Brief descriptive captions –
————————
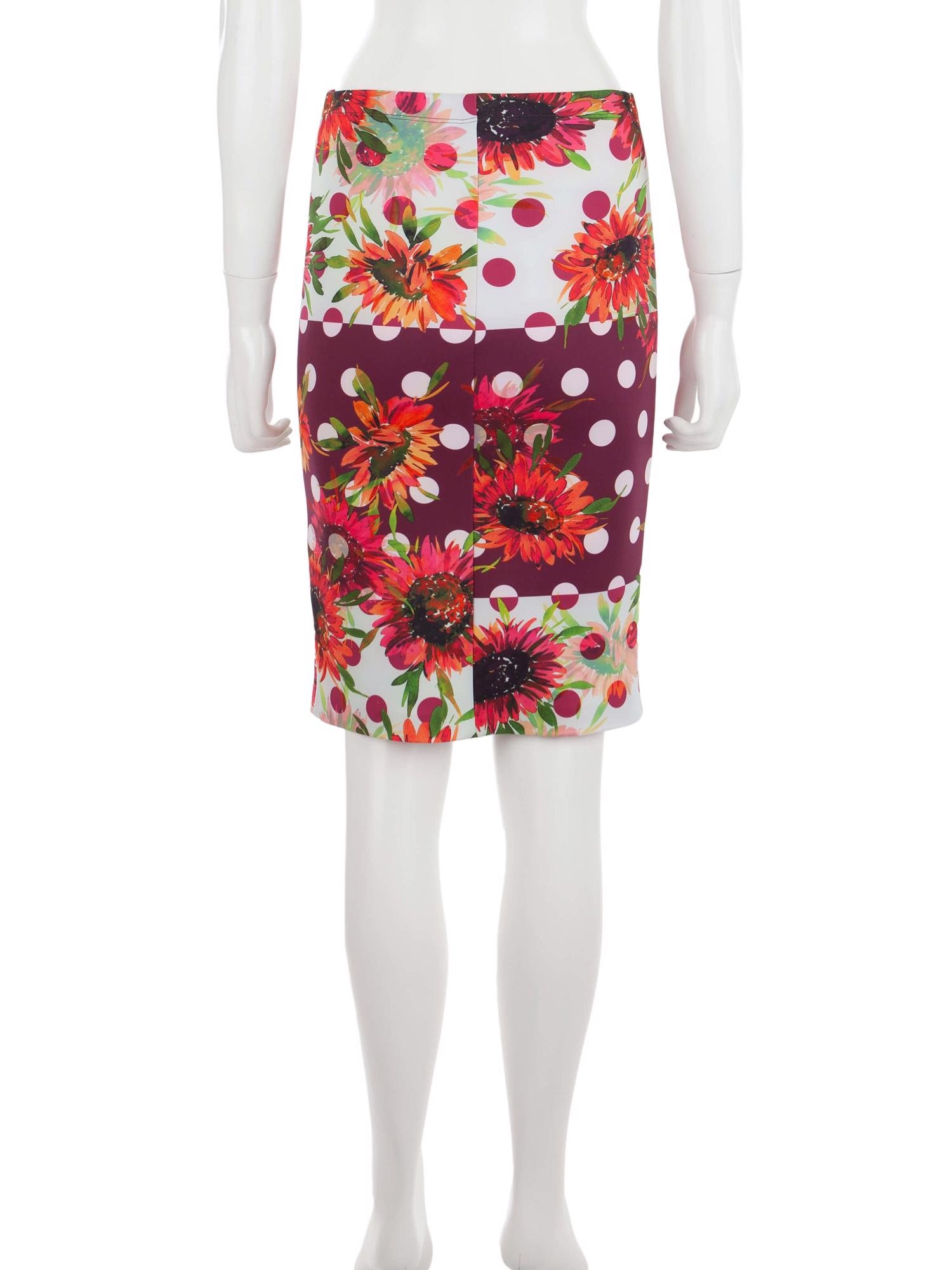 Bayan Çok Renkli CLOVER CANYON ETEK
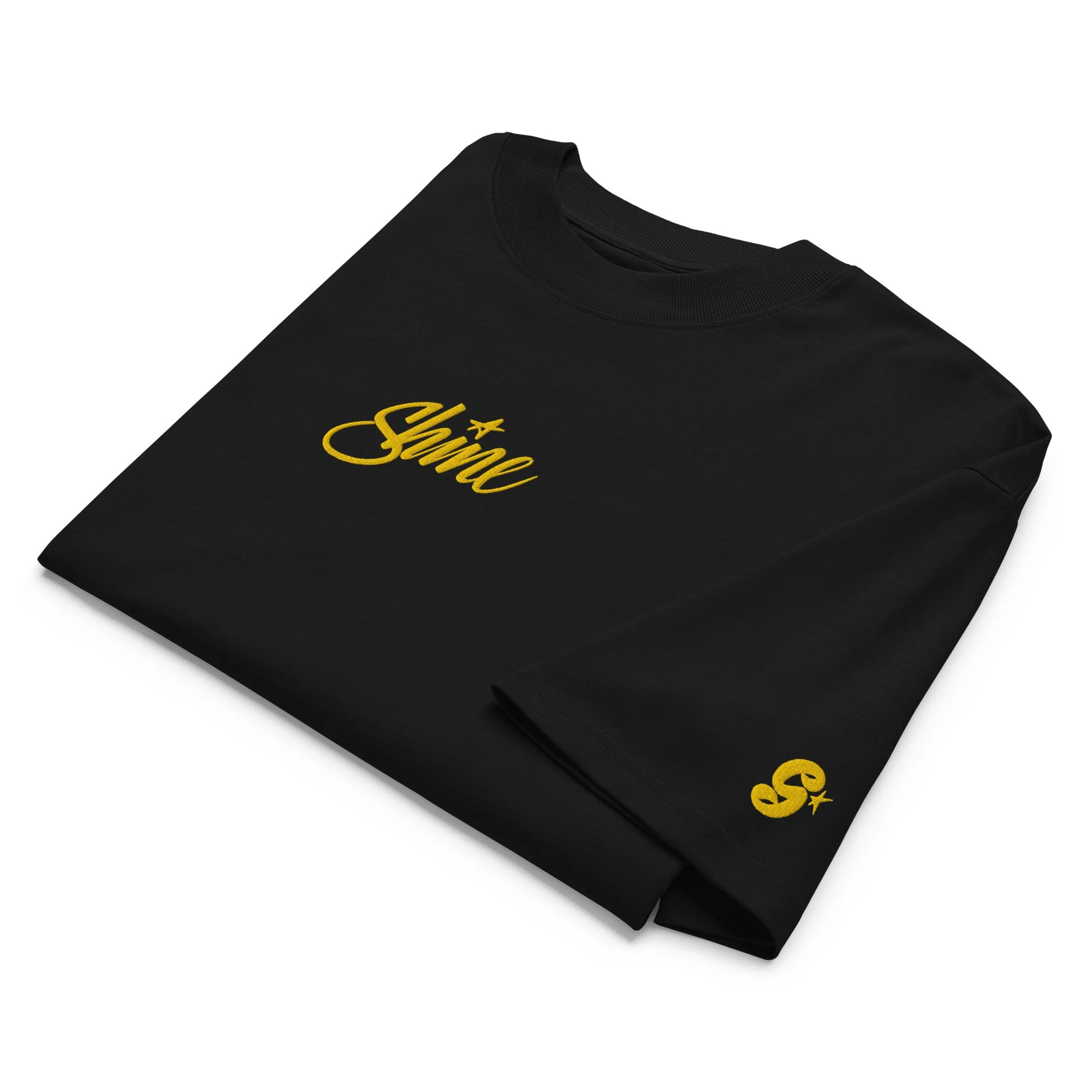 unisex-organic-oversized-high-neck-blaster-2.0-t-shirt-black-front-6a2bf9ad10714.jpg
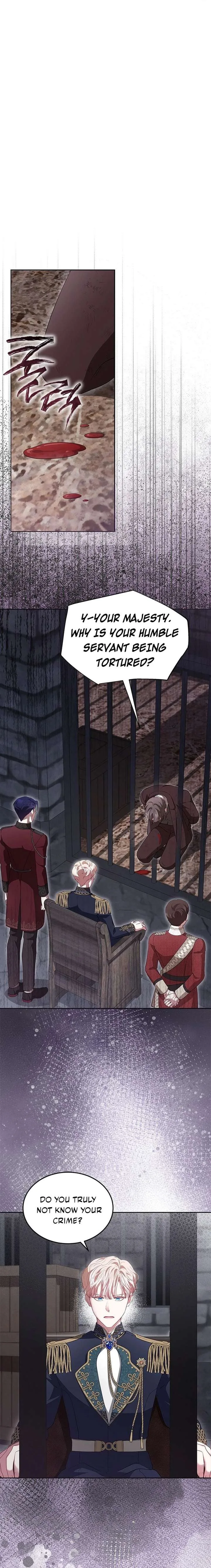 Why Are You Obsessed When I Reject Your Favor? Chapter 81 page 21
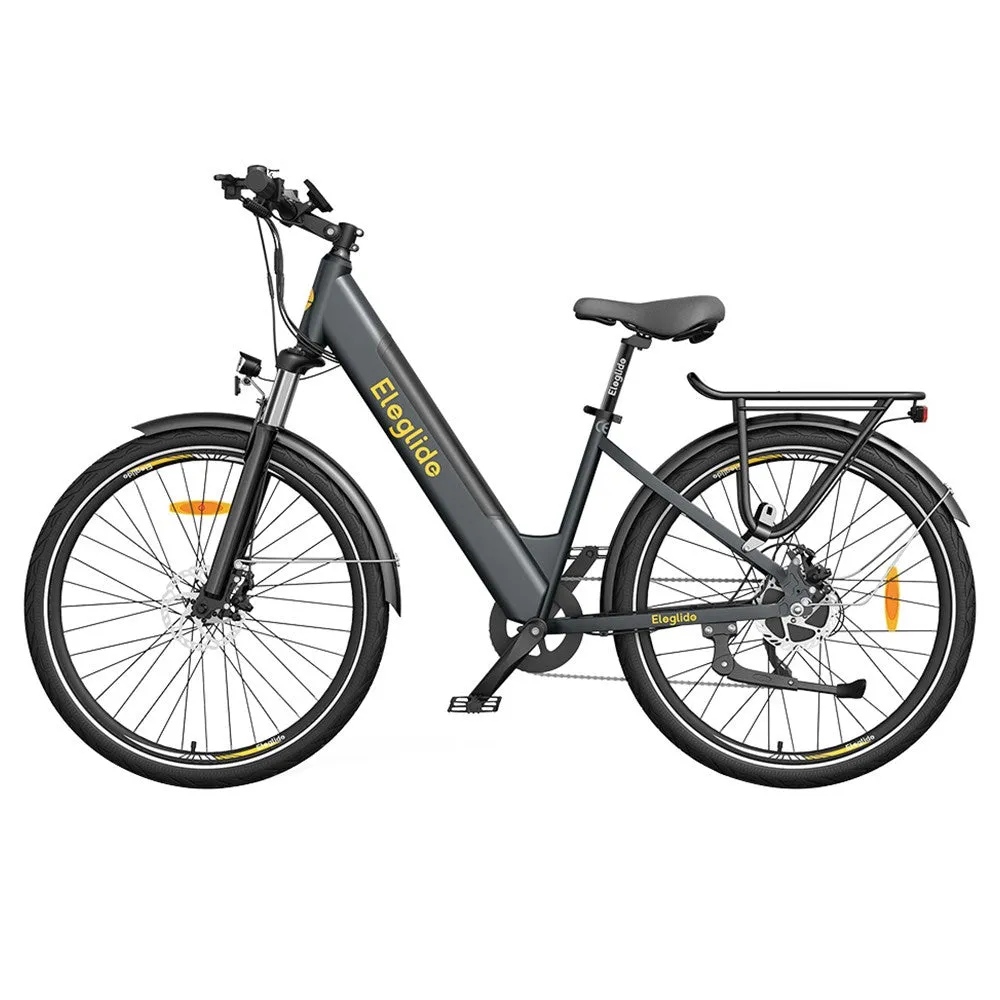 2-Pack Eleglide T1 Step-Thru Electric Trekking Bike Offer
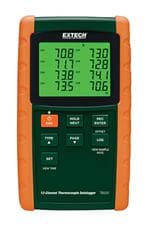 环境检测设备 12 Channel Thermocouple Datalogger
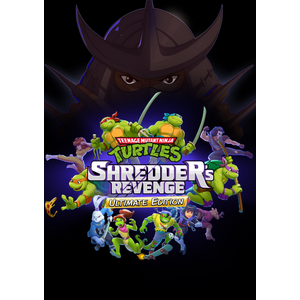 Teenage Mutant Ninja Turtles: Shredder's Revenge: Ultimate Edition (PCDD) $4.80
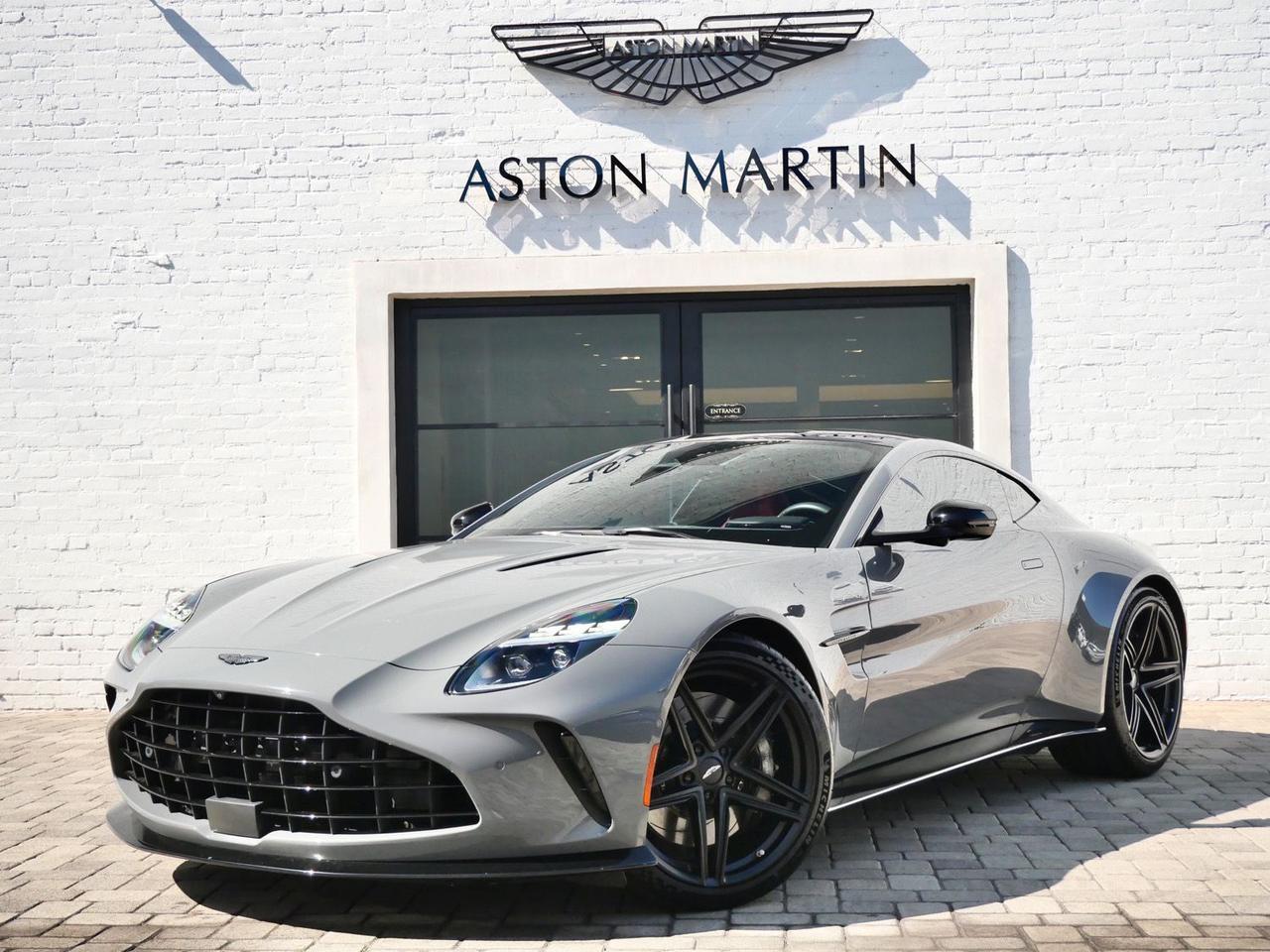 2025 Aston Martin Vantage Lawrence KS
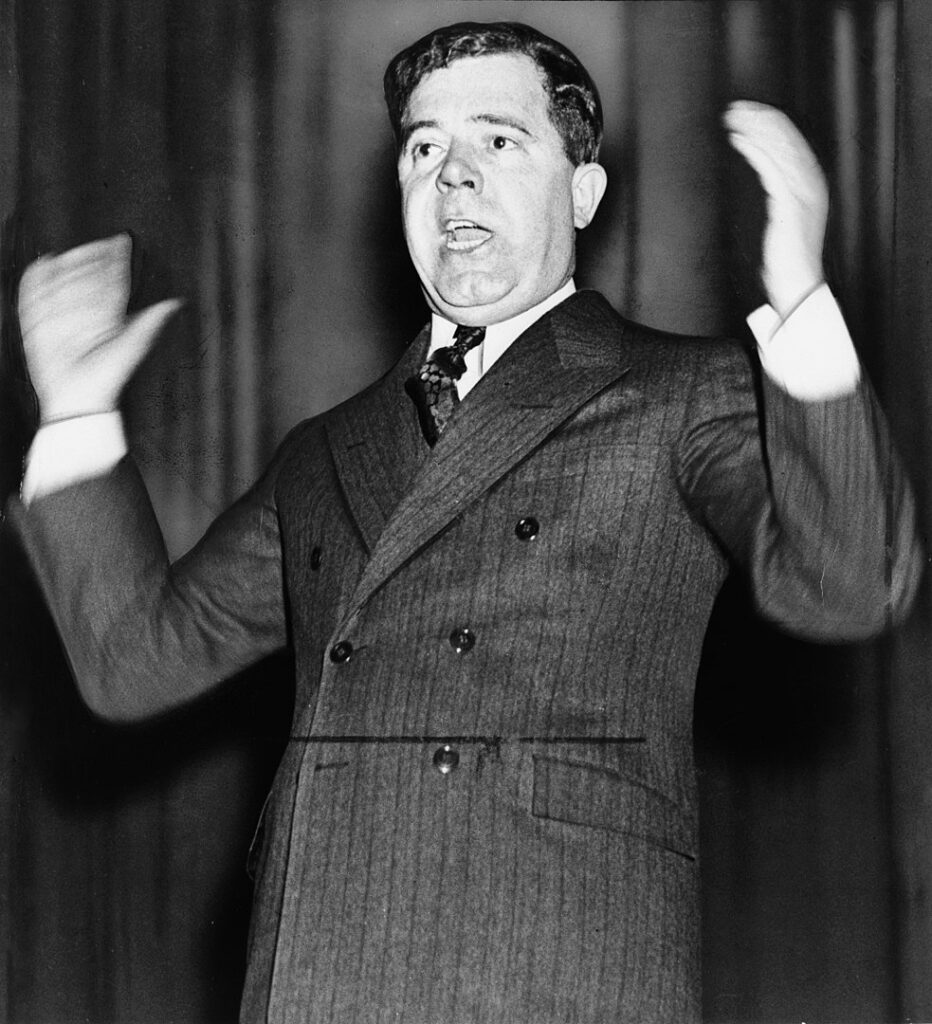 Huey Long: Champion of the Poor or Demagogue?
————————
Required action – Leave out the pictures and repeat the remaining data exactly.

Answer –
 Bayan Çok Renkli CLOVER CANYON ETEK
 unisex-organic-oversized-high-neck-blaster-2.0-t-shirt-black-front-6a2bf9ad10714.jpg
 Why Are You Obsessed When I Reject Your Favor? Chapter 81 page 21
 2-Pack Eleglide T1 Step-Thru Electric Trekking Bike Offer
 环境检测设备 12 Channel Thermocouple Datalogger
 Teenage Mutant Ninja Turtles: Shredder's Revenge: Ultimate Edition (PCDD) $4.80
 2025 Aston Martin Vantage Lawrence KS
 Huey Long: Champion of the Poor or Demagogue?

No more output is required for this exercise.